I started on Microsoft SQL as it was the engine that I was most familiar with however, as the DB grew, my tenuous software license was starting to bother me – oh come on, we've all been there – and so I looked to MySQL as a more affordable solution. The reason I don't say 'free' is that there's more work than it seems on the surface to make the change. Sure, there's some syntax changes between Microsoft and 'My' SQL like 'limit' in select clauses but, also there are also choices to be made around the storage engines MYISAM or InnoDB for example and, given that the data is so precious, data restoration rehearsals take time as well. However, at this time, I made a mistake that ultimately enabled the biggest and best ever change to FoodDays codebase, I chose MyISAM table structure in error.

MyISAM tables are really fast, something that appealed to me as FoodDays was growing and the DB engine was starting to struggle but, unlike the Microsoft SQL engine, MySQL does not do secret background magic which, in this case means indexes. Microsoft SQL will dynamically create indexes to speed up frequent queries and in their absence, MySQL was unusually slow in real terms. This forced the first important mistake driven improvement - I learnt about indexes.

As I'd chosen the wrong table format I'd forsaken transactional integrity - SQL with InnoDB supports transactions and foreign key constraints, MyISAM doesn't and, to work around this I'd bumbled through building transactions and foreign key constraints into my code - truthfully, leaning on the DB to enforce these things is a little sloppy anyway, right? No? - Actually, I'd de-normalized the database in such a way that both foreign key constraints didn't matter and were, in some ways restrictive which, had opened up a more flexible approach to storing orders - yes, the order contained the Childs information when the order was placed, not with the current information so, no weird orders in the wrong homeroom.

And then... 2012 and the arrival of NoSQL - MongoDB to be precise. Finally, a database engine that stored objects instead of behaving like a giant spreadsheet! It was a breath of fresh air, but wait, NoSQL is only really suitable for cases where the database doesn't rely on foreign key constraints and transactions and who has that? Answer: Any idiot that picked the wrong table engine in MySQL - huzzah, I win!

The transition to using a NoSQL database engine was fairly lengthy but oh so satisfying, lines and lines of loops and string concatenation replaced by a single call "Here's an order Mr. DB, save that."

MongoDB was in place for at least five years and served us well however, the constant march of progress resulted in one more change - DynamoDB.

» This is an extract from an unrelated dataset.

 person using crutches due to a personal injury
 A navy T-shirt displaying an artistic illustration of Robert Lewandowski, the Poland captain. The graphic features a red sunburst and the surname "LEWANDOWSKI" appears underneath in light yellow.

DynamoDB is Amazons answer to NoSQL data storage but, it's more than that, it's a server-less peta-byte scale solution with zero maintenance forged in the heat of Prime Day. Throughout the late 2010's I've been looking to move all aspects of infrastructure off of systems that I maintain towards systems that  are maintained for us and, when that goal, scalability and reduced cost intersect, well, it's worth the effort to move.

In DynamoDB, I've worked with tables of over 9 billion 'rows' yet still been able to find and retrieve groups of records in single mS requests. All it takes is some careful consideration of indexes and and understanding of eventual consistency. It's the most raw DB I've used but is my fav.

To date, and this is probably a mistake to print, the uptime for DynamoDB has been 100.000000% It has never even been slow and that's the kind of infrastructure that frees you to work on the stuff that you can make better.